Hi,
I hope there’s any CUDA engineer that wants to read a wall of text nearby :)
If you don’t want to read the whole story, you can skip to the text in bolt!!
I was optimizing an hash cracking kernel, identifying its bottleneck;
to do this I’m counting directly the number of instructions per class
(both in the CUDA code, than in the compiled code, dumped with the cuobjdump tool)
and evaluating the throughput of the MP per instruction class.
I discovered some interesting facts about how bit rotation
(that I’ve implemented using left shift and right shift) is actually compiled.
Using a c.c. 1.1 target, I found the SHL and SHR instructions,
while using a c.c. 3.0 target, I found a SHL followed by a MAD.HI instruction.
The MAD.HI emulates the SHR instruction (a << N) doing a multiply (a * 2^(32-N))

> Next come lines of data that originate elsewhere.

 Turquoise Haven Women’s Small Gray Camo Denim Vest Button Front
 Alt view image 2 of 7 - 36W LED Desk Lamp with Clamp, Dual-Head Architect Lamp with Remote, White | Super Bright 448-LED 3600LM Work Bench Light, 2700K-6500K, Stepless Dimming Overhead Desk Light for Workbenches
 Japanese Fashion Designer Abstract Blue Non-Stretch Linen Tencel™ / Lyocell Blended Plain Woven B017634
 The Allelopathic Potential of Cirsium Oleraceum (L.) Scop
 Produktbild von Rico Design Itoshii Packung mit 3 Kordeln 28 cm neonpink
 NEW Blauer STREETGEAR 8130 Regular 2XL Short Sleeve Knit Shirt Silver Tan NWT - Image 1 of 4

that actually shift left by 32 - N in a temporary 64-bit register, then the .HI states
that the most significant 32-bit half of the result should be taken and added to the resulting register.

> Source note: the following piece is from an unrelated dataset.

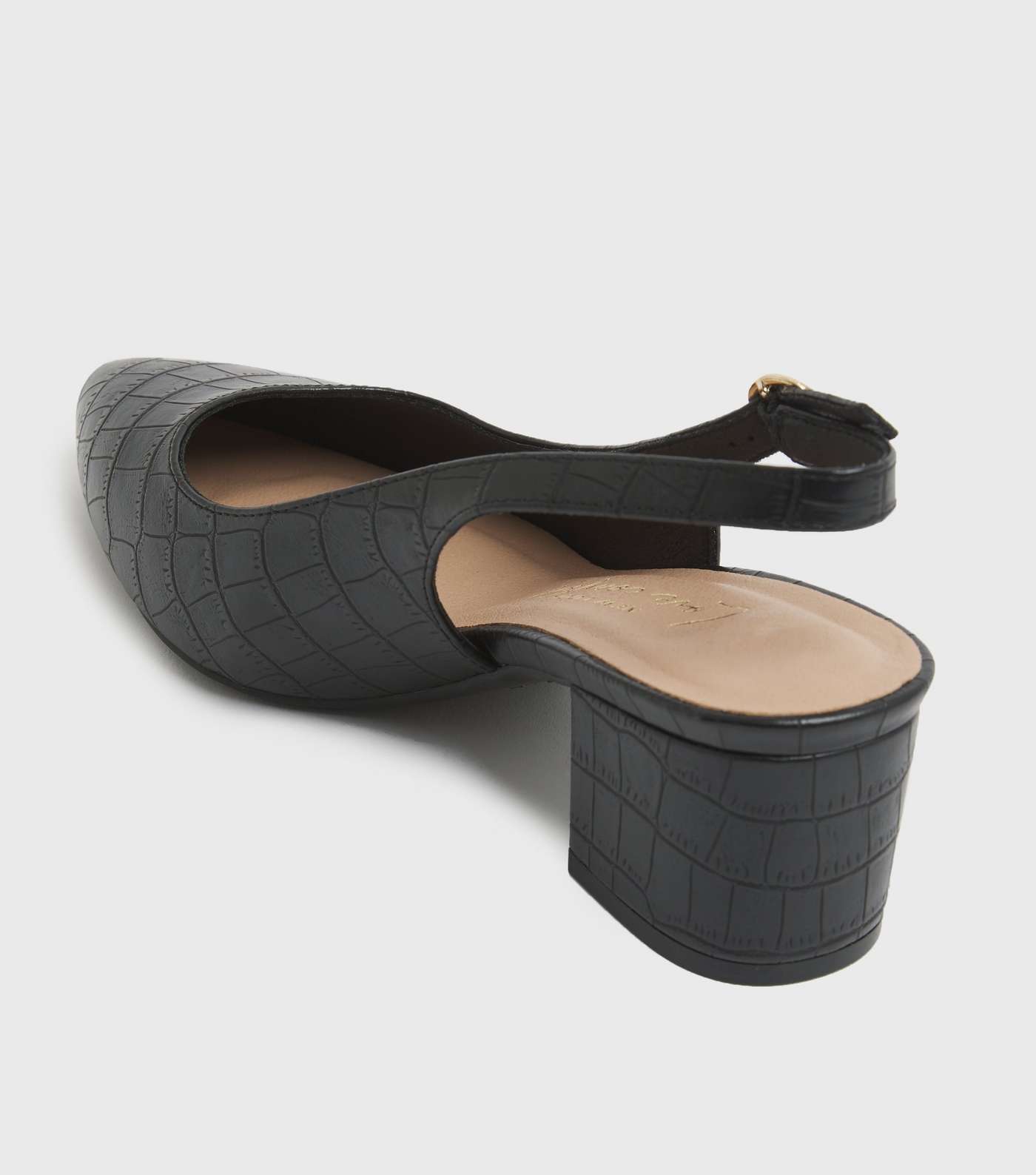 Wide Fit Black Faux Croc Block Heel Court Shoes Image 4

I used a script to count the instructions in my compiled functions,
then I tried to calculate the theoretical throughput of the “useful” part of my code
(that is excluding the overhead).
The problem is:
for c.c. 1.1,
I calculated the theoretical throughput considering that
ADD, logical operations and shifts are executed on the 8 cores of the MP.

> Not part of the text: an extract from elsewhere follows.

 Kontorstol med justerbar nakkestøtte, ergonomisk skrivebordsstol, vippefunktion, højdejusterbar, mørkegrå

(I found 10 op/clock per MP for ADD instructions on the cuda programming guide,
maybe ADD instructions are sent both to the 8 cores and to the 2 SFUs?)
The real throughput is very near to the theoretical throughput (51 MKey/s real, 52,5 MKey/s theoretical).
BUT
for c.c. 3.0,
calculating this way, gives me a theoretical throughput much smaller than
the actual throughput (impossible!!).
I know that my bottleneck is on shift/IMAD operations; If I calculare throughput
considering just these operations, I get a theoretical throughput very near
to my expectations (1323 MKey/s real, 1333 MKey/s theoretical)
I saw on the programming guide
- 160 op/clock per IADD/logical
- 32 op/clock per SHIFT/MAD
SO I was wondering:
It’s possible that Kepler multiprocessor actually has 2 different pipelines for these class of instructions?
That is, IADDs and AND/OR/XOR are sent to 160 of the 192 cores,
while, SHIFT/IMAD are sent to the remaining 32 cores of the 192 cores ??
So that the two classes go in parallel, and so
in my kernel the bottleneck (shift+mad) completely hides IADDS instructions???